Study material —
⁂

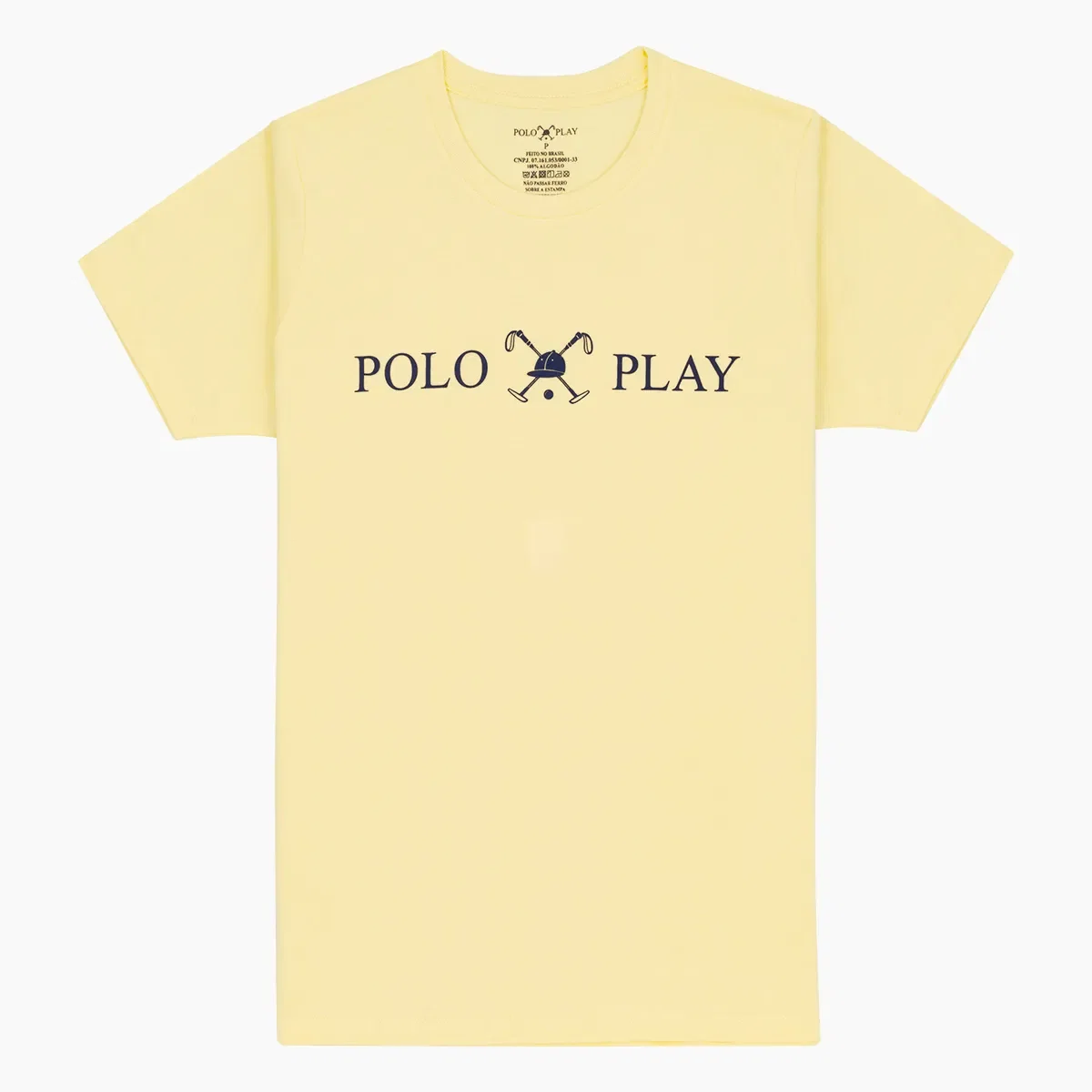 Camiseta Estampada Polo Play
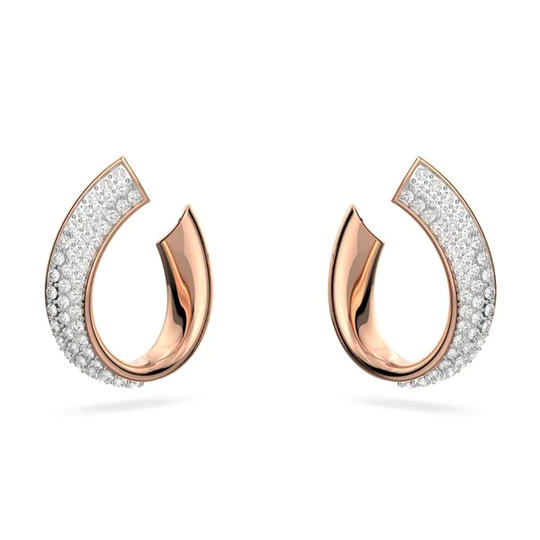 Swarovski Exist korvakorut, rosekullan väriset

⁂

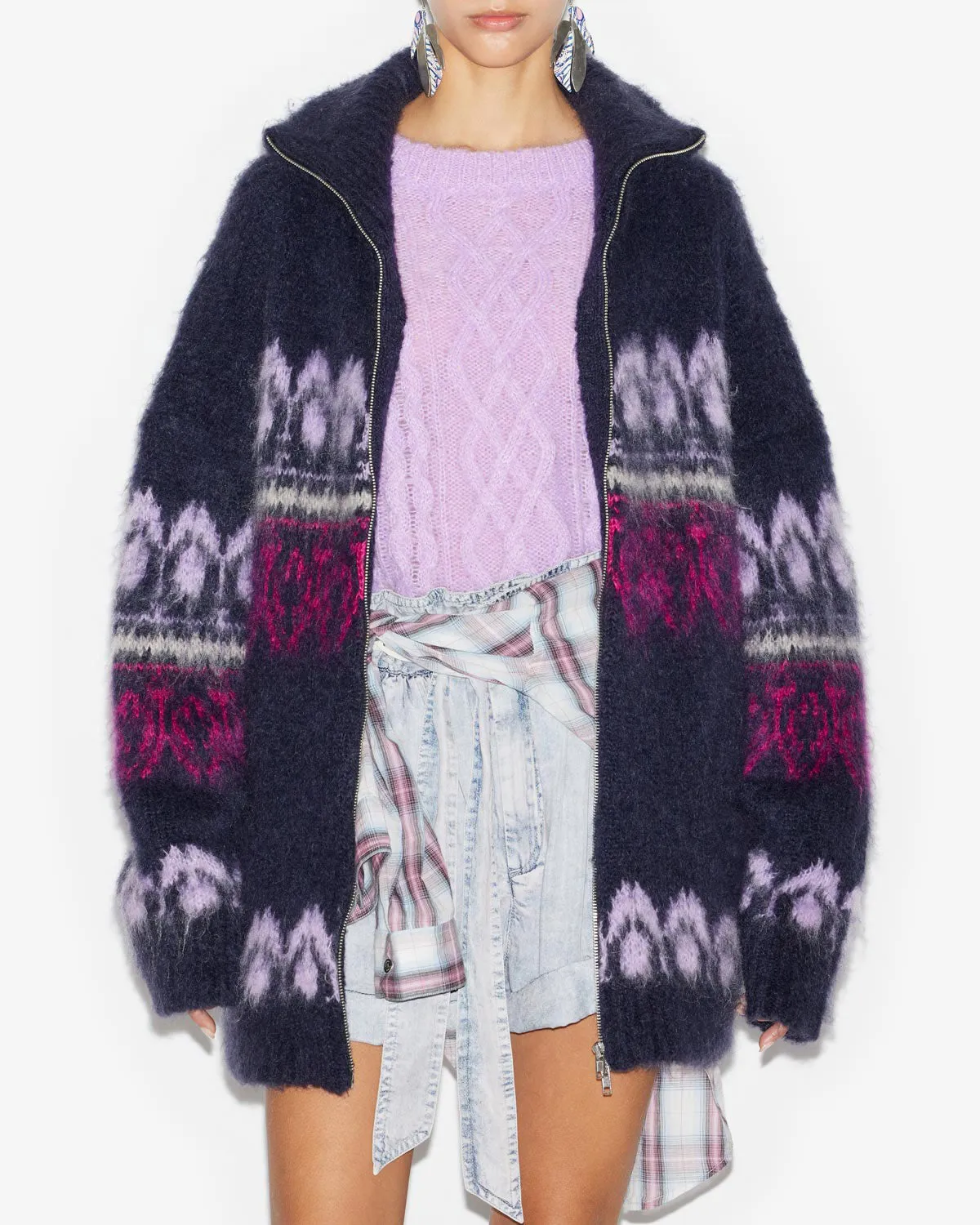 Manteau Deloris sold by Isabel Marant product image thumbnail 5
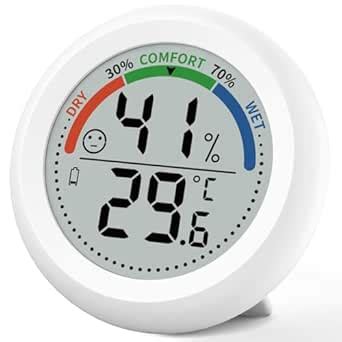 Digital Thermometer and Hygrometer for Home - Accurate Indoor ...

⁂

Problem — Using the entries above, extract exactly the lines from the one that contains "Camiseta Estampada Polo Play" through the one that contains "Swarovski Exist korvakorut, rosekullan". Do not carry over any pictures.

Response —
 Camiseta Estampada Polo Play
 Swarovski Exist korvakorut, rosekullan väriset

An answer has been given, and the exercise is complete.